■ Prompt ■
Only the lines from the one that contains "Acheter Appartement Villemomble 199900 euros" to the last line below, both included, should be transcribed. Pictures stay out of the copy.

[Source data]
###

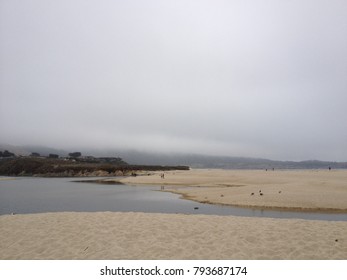 background sea view
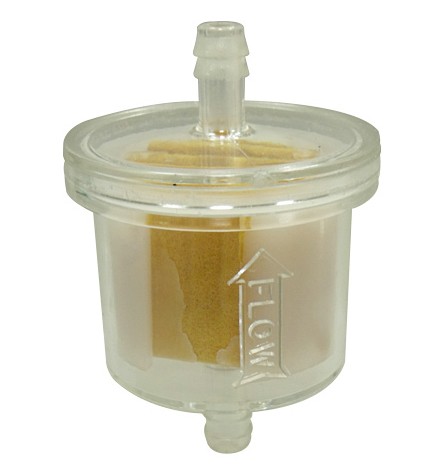 Fuel Filter 1/4"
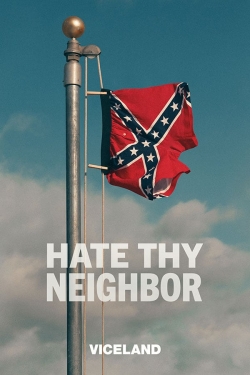 Hate Thy Neighbor-free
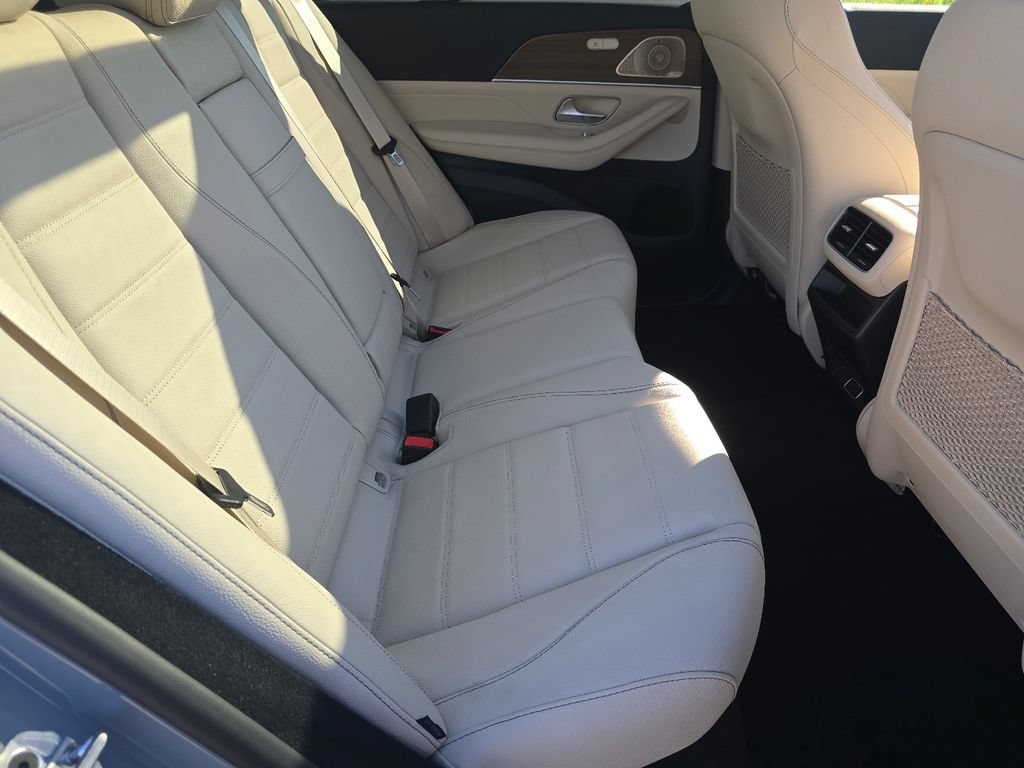 New 2026 Mercedes-Benz GLE 450 4MATIC image 19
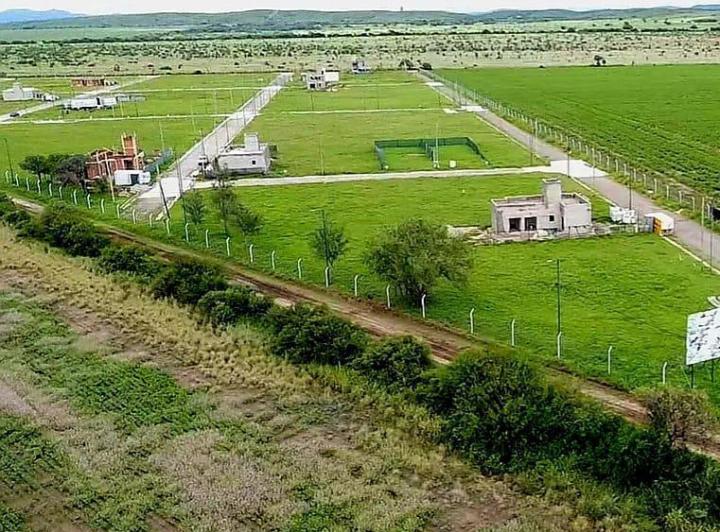 Lote en La Ernestina — La Ernestina ,RP S 376, Córdoba — Venta, foto 3 de 8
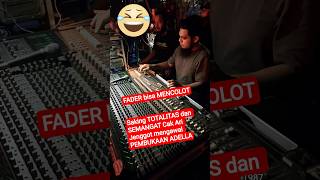 Download Lagu Cak Ari Jenggot keluarkan tenaga dalam MP3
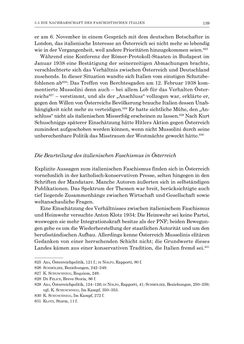 Image of the Page - 139 - in „Berufsstand“ oder „Stand“? - Ein politischer Schlüsselbegriff im Österreich der Zwischenkriegszeit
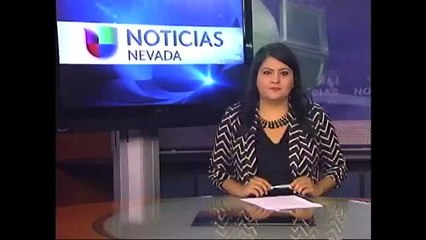 Carreras ilegales en el sur de Reno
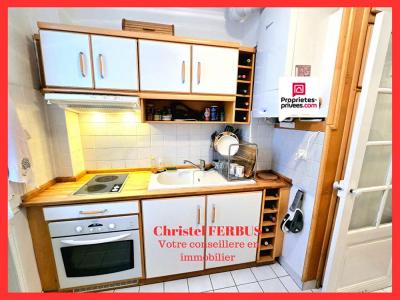 Acheter Appartement Villemomble 199900 euros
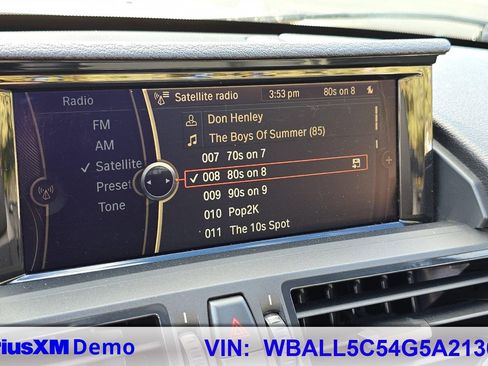 Used 2016 BMW Z4 sDrive28i image 30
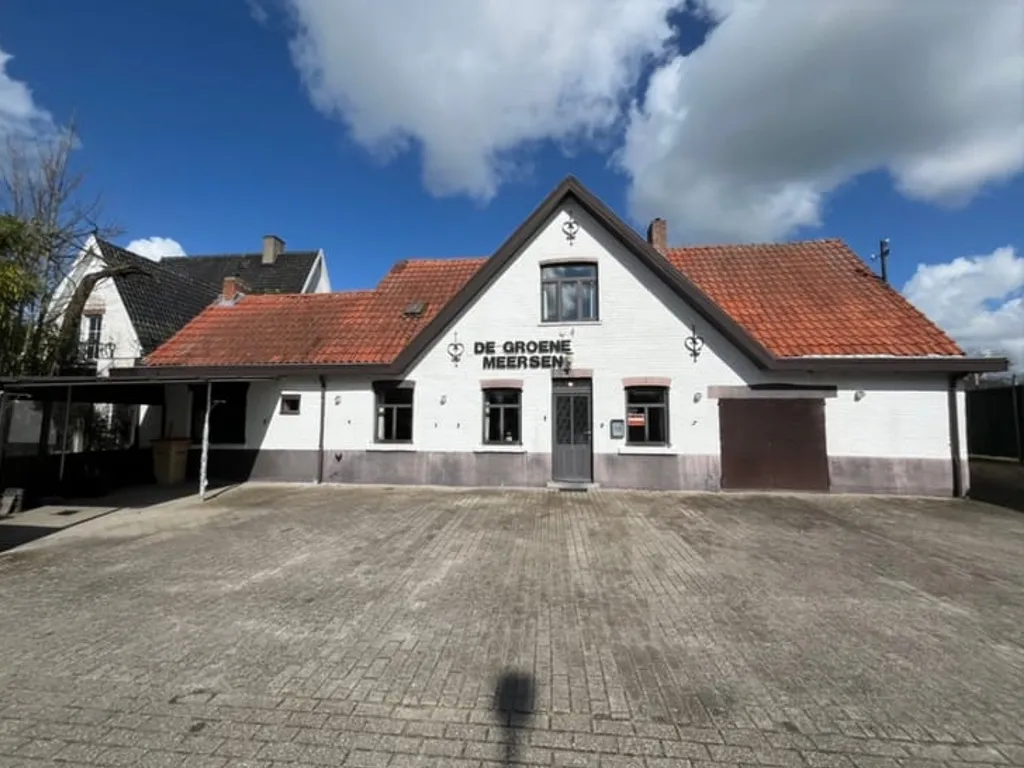 Hoofdfoto Huis in Kalken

###

■ Response below ■
 Acheter Appartement Villemomble 199900 euros
 Used 2016 BMW Z4 sDrive28i image 30
 Hoofdfoto Huis in Kalken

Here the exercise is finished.